Mar 1, 2024 - Technology

Ads are coming to chatbots

Illustration of an advertising billboard in the shape of a speech bubble

Illustration: Sarah Grillo/Axios

The days of spending hours using AI chatbots uninterrupted by ads could soon end, as both startups and big companies eye the nascent market as a big opportunity.

Why it matters: Creating and operating AI chatbots can be expensive and advertising is one idea for making them profitable.

Zoom in: An early player here is Adzedek, a two-person startup that serves ads within custom GPTs from OpenAI's GPT store, as well as within chatbot apps that use OpenAI's API.

  • In both cases, Adzedek returns sponsored results as part of its response to queries — somewhat similar to the search-advertising business dominated by Google.

By the numbers: Adzedek uses a pay-per-click model, with 75% of the ad revenue going to the chatbot creator and Adzedek keeping 25%.

  • So far, the company says ads using its system have been shown more than one million times, with three-quarters of that over the last month or so.
A screenshot of a sample chatbot ad delivered by Adzedek
A screenshot of a hypothetical sample chatbot ad delivered by Adzedek. image: Adzedek
  • Here's a video of what Adzedek's advertising looks like, with Nike shown as a hypothetical advertiser.

Adzedek co-founder Abdullah Ilyas, a recent college graduate, says that he was drawn to the business opportunity after sitting in classes and seeing that students were constantly using ChatGPT.

  • Plus, he says, as cookies are vanishing from the ad-tracking landscape, advertisers need more ways to understand what a user is interested in, something chatbots provide.
  • "This is like a perfect storm for what we are doing," he said.

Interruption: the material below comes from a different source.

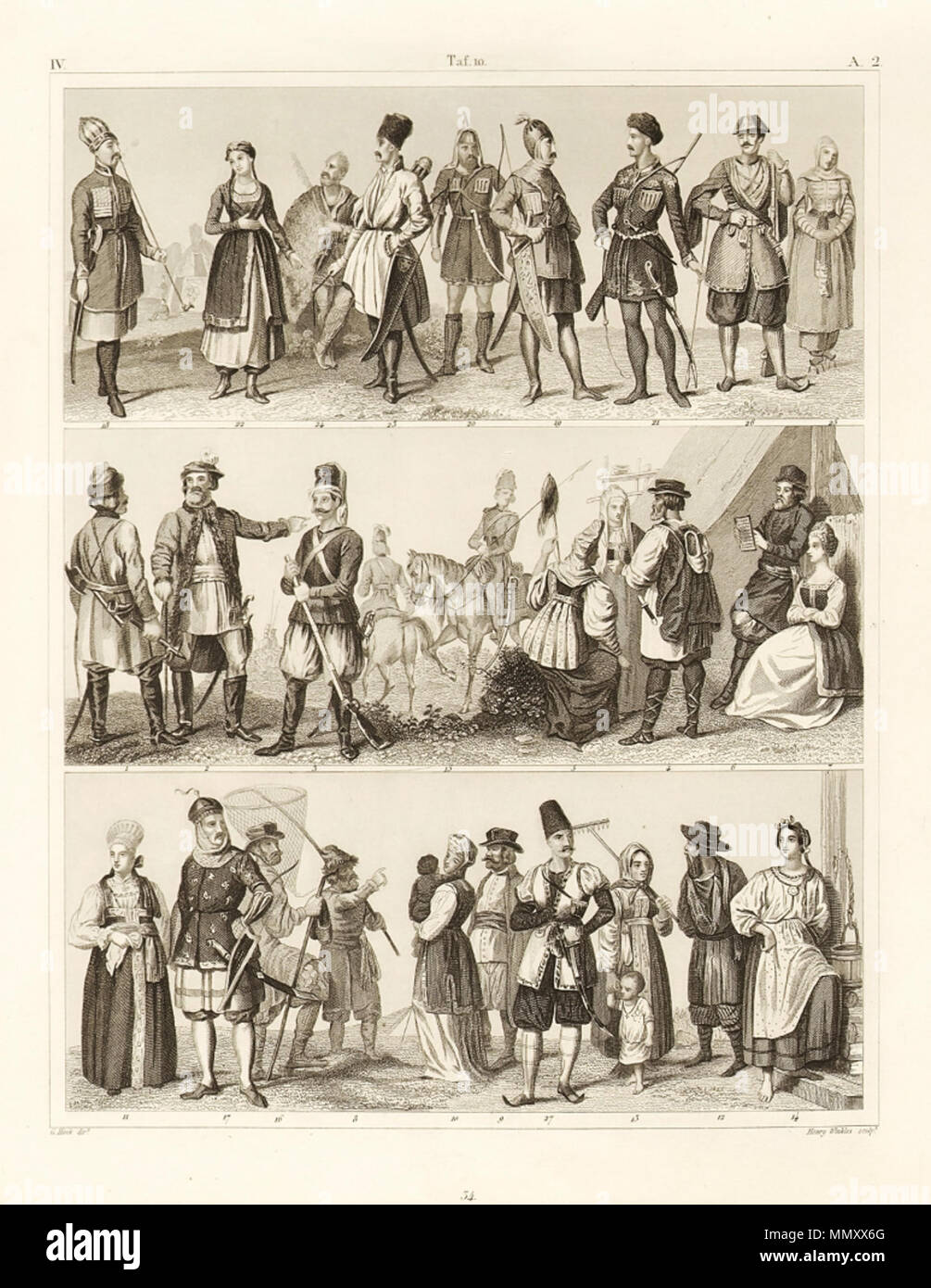 . Русский: Народы в Российской империи национальных старинная гравюра костюмах, Englisch: Russland und der Kaukasus. Original multiview Edelstahl Gravur Gravur von H. Winkles nach G. Heck. 1849. Von Hand gefärbt. 24,5 x 20 cm. Montiert. 1-2. Strielzi (Shooter), 3. Russisch-polnischen Guard, 4-7. Bewohner von Little Russland, 8-10. Die Fischer von der Wolga, 11. Bewohner von Nowgorod, 12 & 13. Bewohner des Viertels von Twer, 14. Bewohner der Ukraine, 15. Kosak des Don, 16. Bewohner des Viertels von Moskau, 17.-22. Tscherkessen, 23. Turkoman, 24. Abasian 25. Mingrelian, 26. Imeritian, 27. Georgi Stockfoto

What we're watching: OpenAI today has no rules on how advertising can be inserted into custom GPTs and doesn't get a cut of the revenue. But experts say that could change very quickly.

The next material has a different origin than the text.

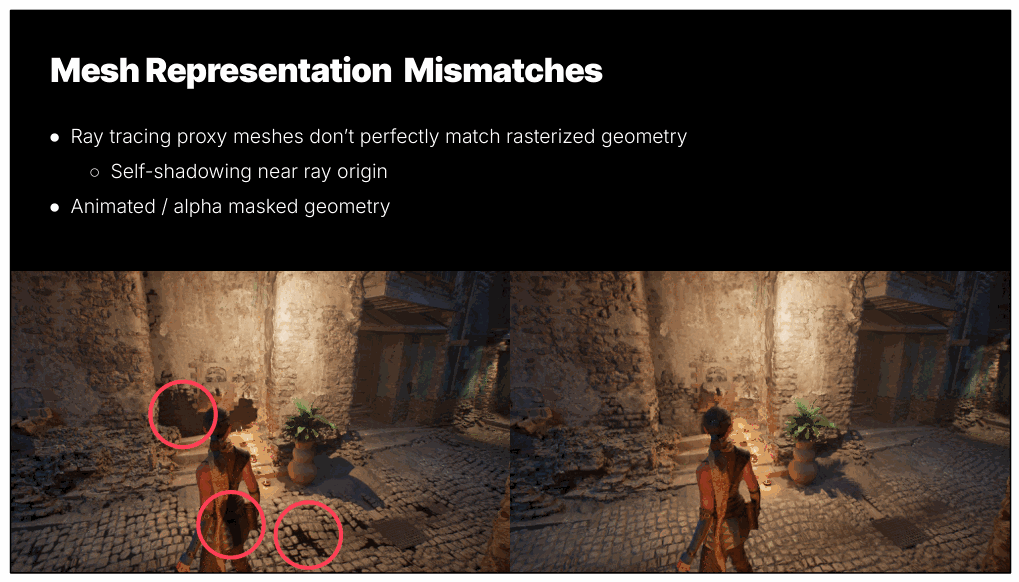 Slide 33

  • "Maybe they are just letting the smaller players experiment on their behalf," said Columbia University marketing professor Olivier Toubia. "It won't be hard for them to monetize if and when they decide."

The big picture: Advertising tends to go where the eyes are. So if people spend lots of time using chatbots, ad dollars are likely to flow.

  • For Google, it's a potentially existential threat, if searchers turn to others' chatbots rather than its search engine.
  • The search leader is hoping to offer the best of both worlds. However, even if the company is able to dominate the chatbot industry too, it could take a hit to revenue if chatbot advertising turns out to be less lucrative than the cash cow of search advertising.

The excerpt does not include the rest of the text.